Undergrad How Many Unique Games of Commander Can Be Played?

[Khursed]

TL;DR

Card game.

I play magic the gathering in a format called commander.

Each player start with a deck of card that has 99 cards in it, for simplicities sake, I'll give very simple rules.

Each card is different, we have 4 players, each shuffling their deck of cards and drawing 7.

Roll for who goes first, then draw 1 each turn and pass clockwise.

My real question was how many different games of magic the gathering of commander can 4 different people with 4 different deck play, but I'm going slightly insane trying to figure it out.

My neophyte guess is that it's going to be an insanely huge number, since my bare starting point assuming 99 different card is 9x^155 or so different deck arrangement. Draw 7, with 3 other people doing the same. Not taking into account there are over 27,000 different cards of magic. Let's be realist and say the playable pool is 5000. and for this exercise only 4 decks of 99 plus the one card that is always revealed.

The way I see it, it should be possible to calculate the initial board state on the first turn, but I can not imagine any way to calculate the odds for any future turns because of card interactions as the turn order go on. Well maybe a few?

I was wondering about it, because while playing magic with friends, we were discussing very large numbers, and I was asked what I'd do with Graham's number of years to live and I said "play commander". So now I wonder how entertained I'll be. Either by how repetitive or varied it's going to be....

 

[jedishrfu]

This is not an easy question to answer without more detailed knowledge of the cards and the game rules.

For a simpler problem you could look into how mathematicians approach combinatorics with a standard 52 count card deck. There is a lot of work done on calculating the number of winning hands and probabilities of getting those hands as an example.

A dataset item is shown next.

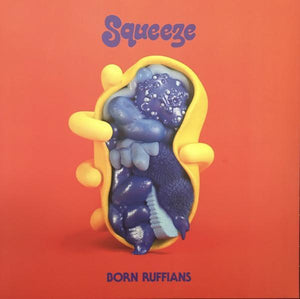 Born Ruffians - Squeeze (Pink marble limited edition, Record Store Day) - Quarantunes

Here some stats that I found for MTG:

https://www.dicebreaker.com/games/magic-the-gathering-game/how-to/mtg-colour-combinations-explained#:~:text=A deck with a single,and five four-colour combinations.

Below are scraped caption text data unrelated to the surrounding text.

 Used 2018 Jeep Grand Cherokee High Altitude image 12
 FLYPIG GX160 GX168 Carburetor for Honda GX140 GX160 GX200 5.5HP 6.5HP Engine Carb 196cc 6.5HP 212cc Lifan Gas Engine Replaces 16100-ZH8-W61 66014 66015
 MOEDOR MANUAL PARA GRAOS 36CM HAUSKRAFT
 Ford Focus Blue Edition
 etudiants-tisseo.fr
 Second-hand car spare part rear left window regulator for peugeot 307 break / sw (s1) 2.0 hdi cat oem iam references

Here’s a discussion on using math to make decisions in MTG:

https://articles.starcitygames.com/...very current,binomial coefficient” in no time!

 

[Khursed]

Thank you for your answer. I must admit I am at a loss on how to figure it all out. The game is very complex and there are so many different cards and then the rules are a nightmare because basically the game has like 8-900 rules that the cards constantly break or tweak in a way or five.

Games could go on forever. So we'd have to rule them out. Make rules for exceptions etc...

 

[jedishrfu]

The basic notions of combinatorics comes from determining the number of words a given set of letters can produce:

As an example, if there are 5 letters in the word and there are 5 letters that can be used:

$5 \cdot 5 \cdot 5 \cdot 5 \cdot 5 = 5^5$

but if there is a comstraint like no letter can appear twice then:

$5 \cdot 4 \cdot 3 \cdot 2 \cdot 1 = 5!$

If instead they say they say you can use 26 letters then

$26 \cdot 26 \cdot 26 \cdot 26 \cdot 26 = 26^5$ possibilities for 5 letter words using the same letter twice

and if they add the constraint that a letter can't be used again:

$26 \cdot 25 \cdot 24 \cdot 23 \cdot 22 = 26! / (26-5)! = 26! / 21!$

Anyway hopefully you get the idea of how you determine the counts.

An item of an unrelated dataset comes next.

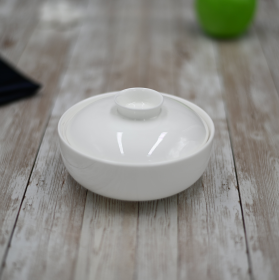 5" | 12.5 CM 11 FL OZ | 320 ML SOUP CUP WITH LID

One other thing to consider is the whether order is important which requires you to divide by n! where n is the number of letters in a word.

 

[Hornbein]

Then there's taking x cards from a set of n differing cards. Of the order doesn't matter then there are n!/(x!(n-x)! ways to do this. It's called "n chose x" or "binomial coefficients".

N = 5000
So 4*[(N chose 7) * (N-7)!/(N-99)!]^4 for initial setup. Maybe * 5000 for "the card that is always revealed."